В общем, Мишу этого мы ждали с нетерпением. Вскоре он и появился. Выглядел, надо сказать, он не очень-то “магически” — толстенький, красненький, плешивенький, пузатенький, — типичный такой провинциальный дядька. Хлебороб, агроном. А может, сельский учитель. А может — райкомовский деятель, мелкий ответственный работник. Привез с собой коньяк, мы сели, он тут же захмелел. Ходил по комнате туда-сюда, стуча себя в грудь:
— Вот такой я человек, вот такой я сибиряк!
Оказалось, что он к тому же пишет стихи, которые он называл “стишата”, хочет издать свою книгу в Москве и псевдоним у него — Саянов.
— А вот Олеська у нас — поэт, — сказал Снегирев.
Он оживился:
— Люблю стишата!
И опять заходил по комнате:
— Вот такой я человек, вот такой я сибиряк, вот такой я поэт!
— Расслабился немного, пусть! Не надо никого осуждать, — сказала Татьяна, жена Снегирева. Потом обратилась к этому Мише насчет меня:
— У нее безумные бывают боли после операции аппендицита, может, вы ей поможете, а, Миша?
Он ответил какой-то прибауткой, но на следующий день мне сказал:
— Давай уговор — я тебе боли снимаю, а ты мне стишата мои подправишь, если рифма где не та или размер куда не туда… Лады?
Я согласилась: сколько же я подстрочников уже перерифмовала, вбила в размер, мне ли его стишата не одолеть? Взяла рукопись. Называлась она романтично, под стать Саянову, “Бирюзовые дали”.
А Миша поселился у Снегиревых, корни там пустил, купил дефицитный мебельный гарнитур “Тюльпан”, стульев десяток, поставил их по периметру комнаты, стал пациентов принимать. Обещал Снегиреву открыть всякие секреты… Тот приходил поздно вечером к нам, рассказывал:
— Миша лечит на уровне воображения. Вводит человека в гипноидную фазу, заставляет вспомнить что-то неприятное, увиденное теперь в некоем образе — змеи ли, паука, жабы или еще чего, и поймать эту тварь. Вот так — лови ее, лови, бросай от себя. Вот она, покатилась, поползла, улетела, исчезла, нет ее, нет твоей болезни, ты здоров!
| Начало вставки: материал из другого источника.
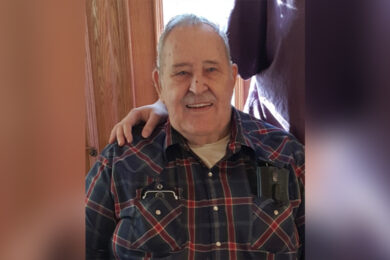 Frederick William Greiff Jr. (April 1, 1940 – April 8, 2026)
Но постепенно он стал на Мишу роптать:
— Я заметил — он деньги стал брать. И пациентов набирает больше, чем надо… Набивает их в комнату, как селедок в бочку. Это в нем алчность заговорила. Помяни мое слово — он скоро весь свой дар утратит. Но мне бы хоть успеть все у него вызнать — я бы тогда сам тебя от твоей боли вылечил. За так. А то тебе вон сколько работать надо на него — за исцеление.
Миша мне сказал — как только ты мне стишата выправишь, тут же я тебе и боль изгоню. А у него рукопись огромная — страниц двести. И потом — что ее правь, что не правь, — все равно, извиняюсь, дрянь получится. Надо просто все заново написать, и все. Воспользоваться его текстом как “рыбой”. Но это невозможно, потому что, как оказалось, он очень дорожил своими “находками”. Так и говорил: “Там много свежих находок” или “Ты уж мои находки там не трогай”. Поэта Саянова бирюзовые дали… Свободы не дал мне никакой. И я стала бояться, что если буду так невольнически свой дар эксплуатировать, то он пропадет. Хрупкий он, трепещет под ветром, вот-вот порвется, понесет мой челн неизвестно куда, на черные пиратские скалы, беда, барин, буран!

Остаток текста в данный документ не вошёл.